Brief - Find the line with "Cileunyi Appartement |" in the records below. Output exactly from there until after the line with "2010 Nissan Altima", without pictures.

++++ Input material

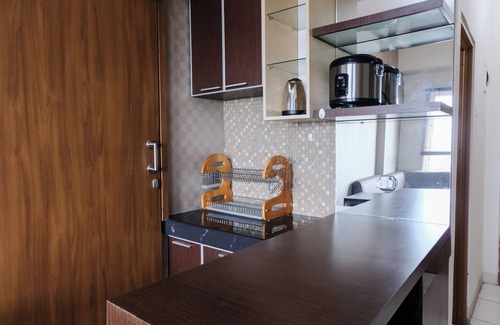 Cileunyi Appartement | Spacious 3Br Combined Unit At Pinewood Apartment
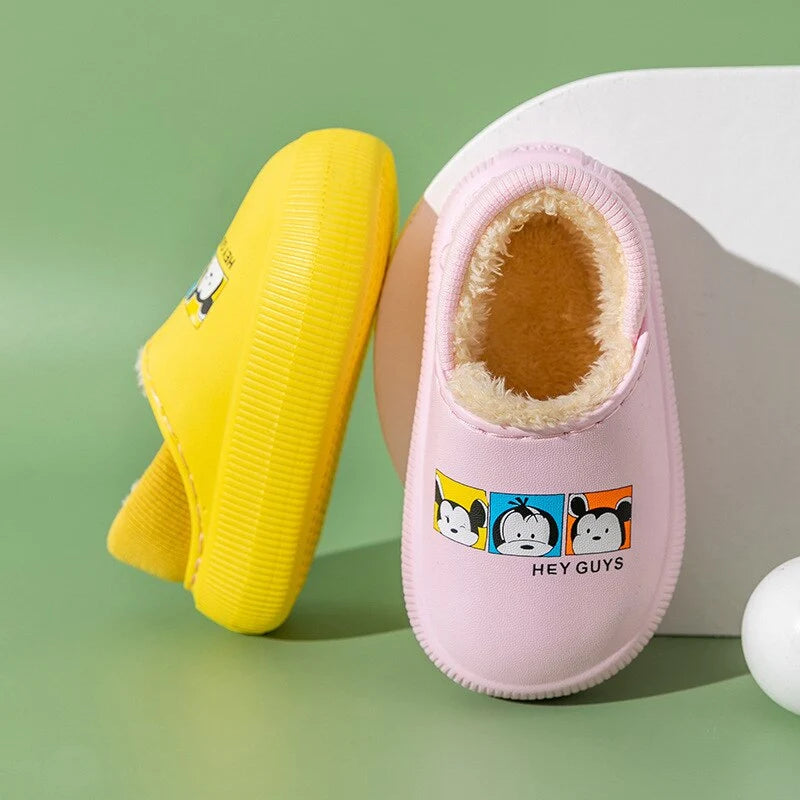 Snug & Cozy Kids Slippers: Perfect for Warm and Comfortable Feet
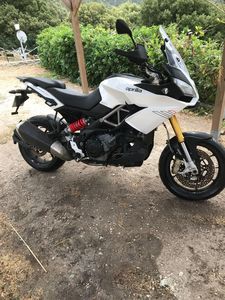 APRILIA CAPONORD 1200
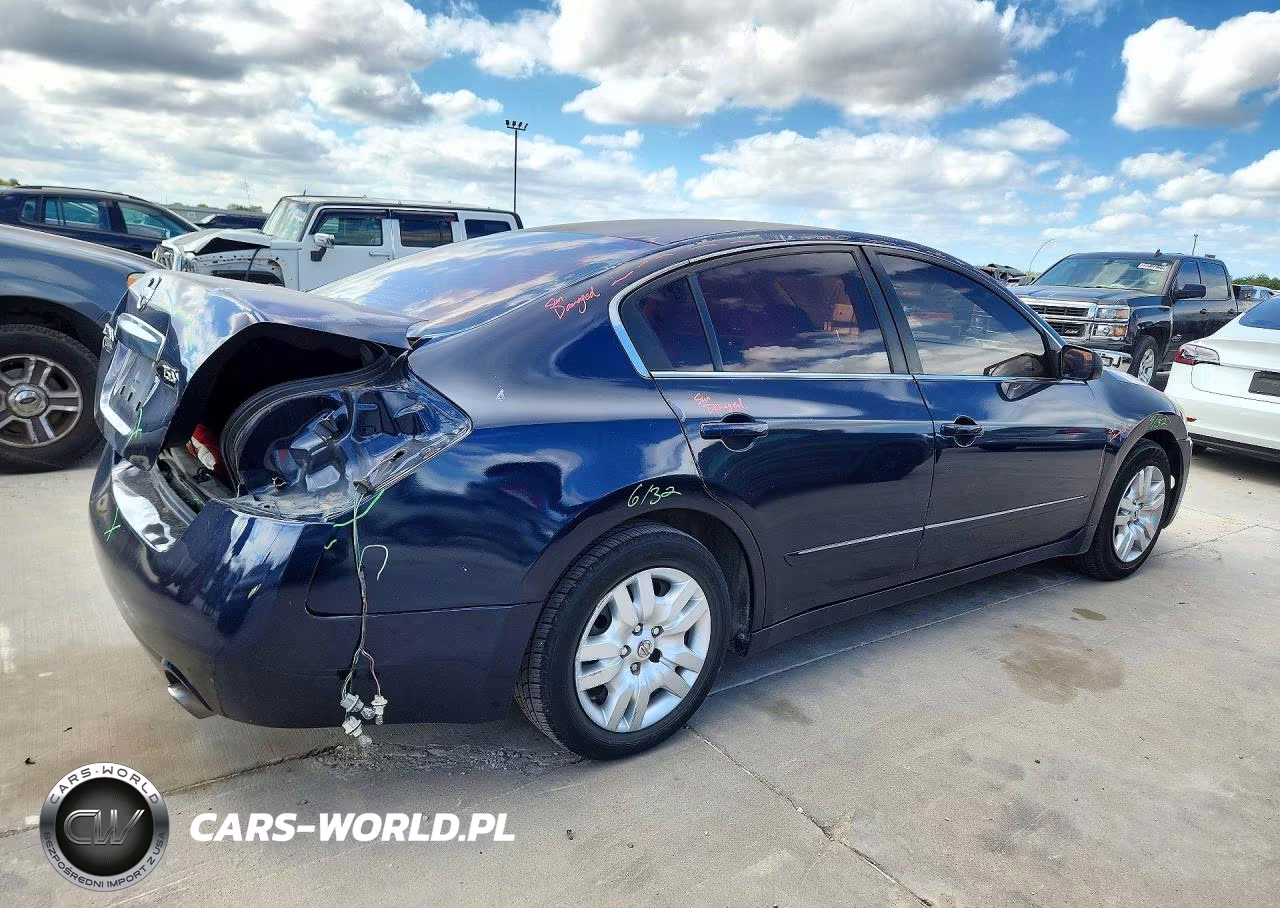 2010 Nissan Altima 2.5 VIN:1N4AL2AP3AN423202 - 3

++++++++
++++ Input material

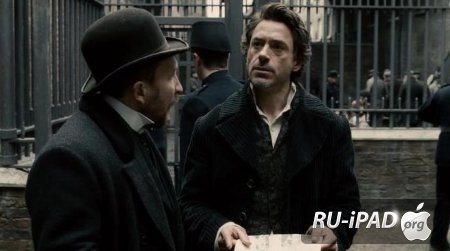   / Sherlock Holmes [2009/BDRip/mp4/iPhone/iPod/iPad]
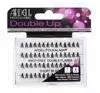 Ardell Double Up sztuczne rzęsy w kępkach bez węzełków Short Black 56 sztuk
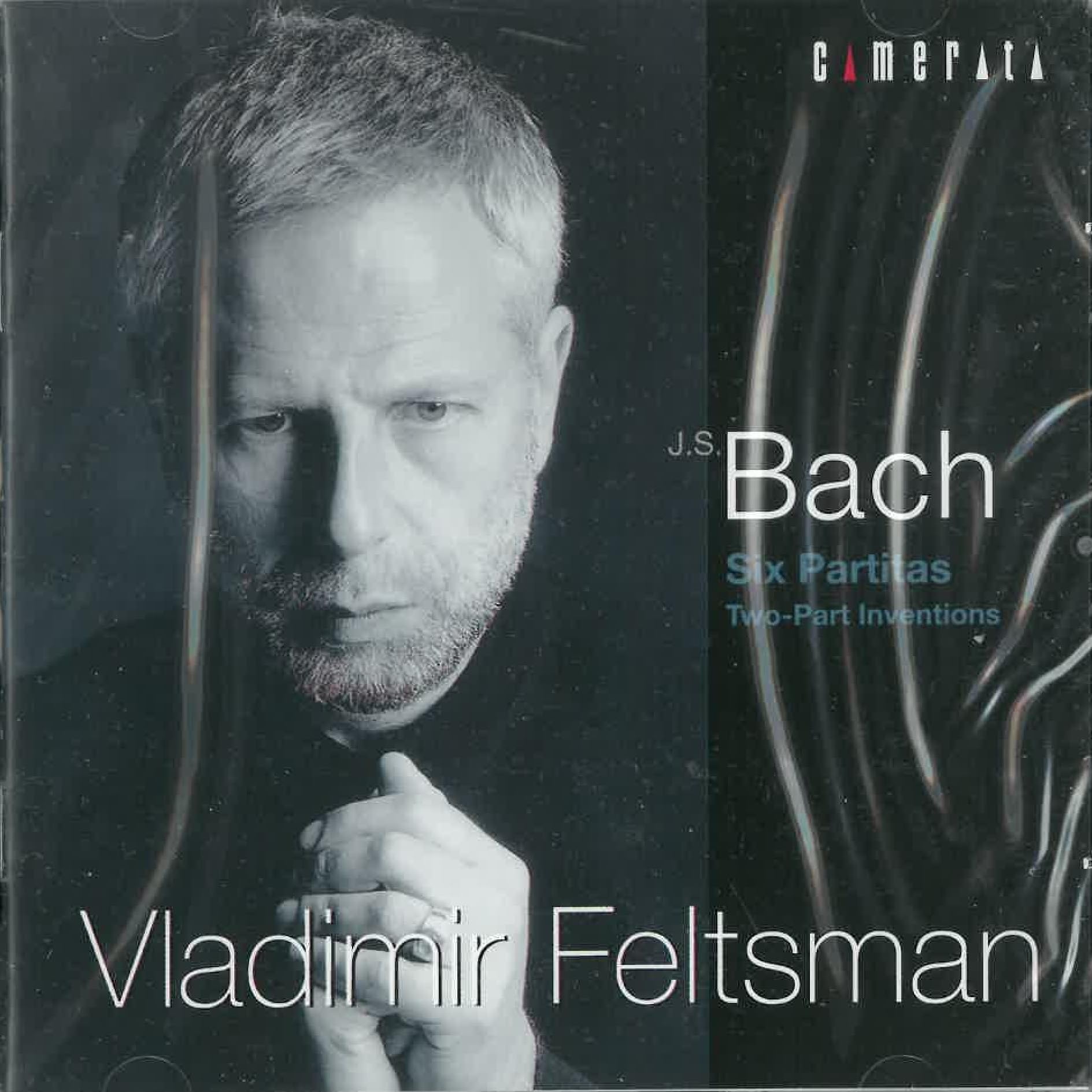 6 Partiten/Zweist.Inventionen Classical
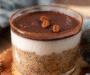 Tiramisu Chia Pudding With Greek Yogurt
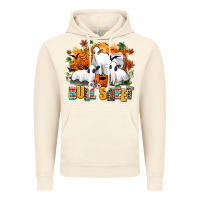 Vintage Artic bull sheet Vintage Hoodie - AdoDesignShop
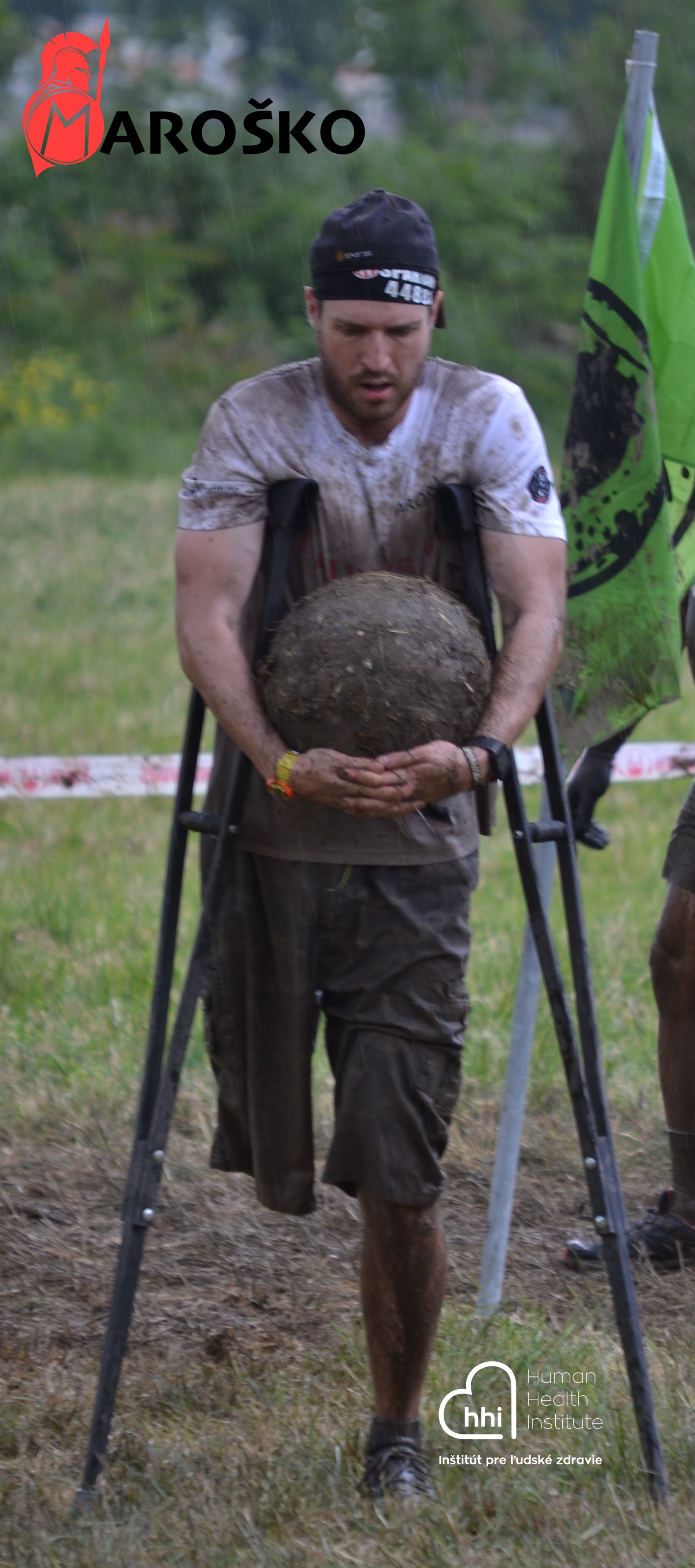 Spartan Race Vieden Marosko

++++++++
++++ Input material

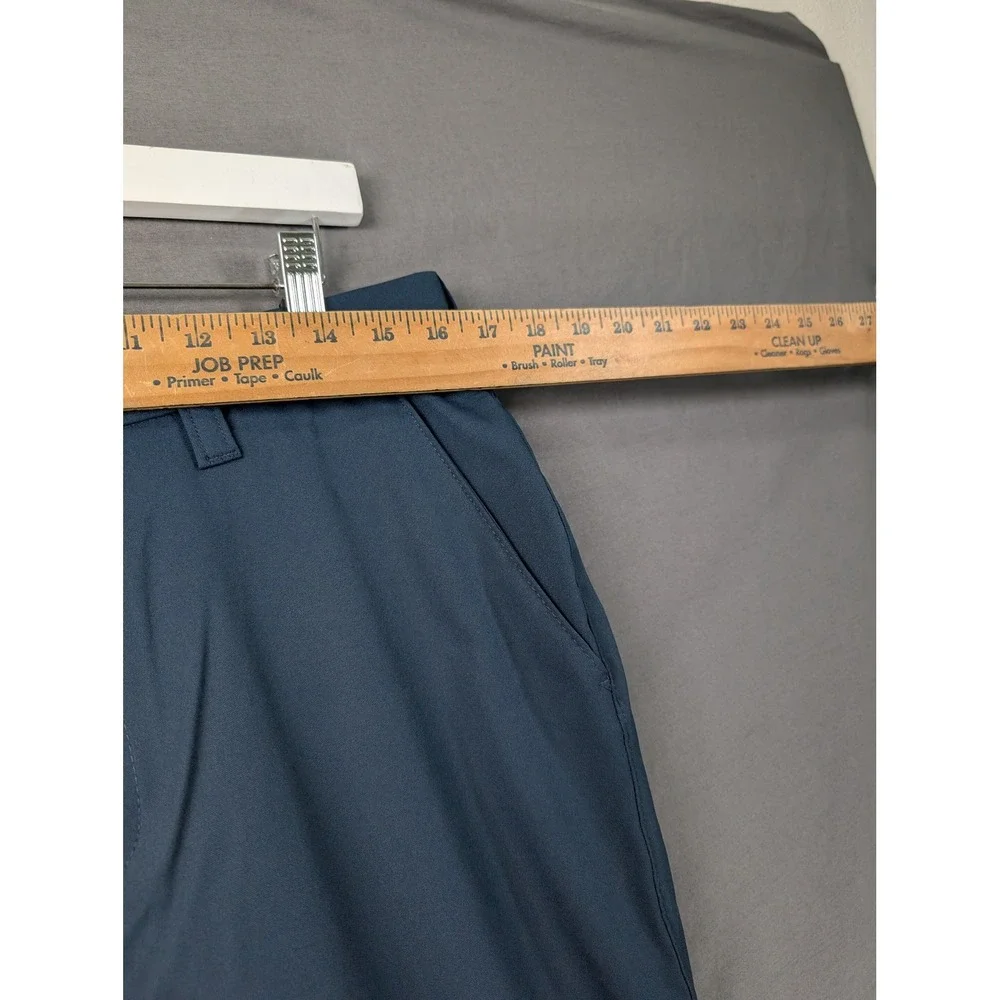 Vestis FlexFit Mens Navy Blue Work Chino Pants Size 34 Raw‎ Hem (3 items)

++++++++

Answer below -
 Cileunyi Appartement | Spacious 3Br Combined Unit At Pinewood Apartment
 Snug & Cozy Kids Slippers: Perfect for Warm and Comfortable Feet
 APRILIA CAPONORD 1200
 2010 Nissan Altima 2.5 VIN:1N4AL2AP3AN423202 - 3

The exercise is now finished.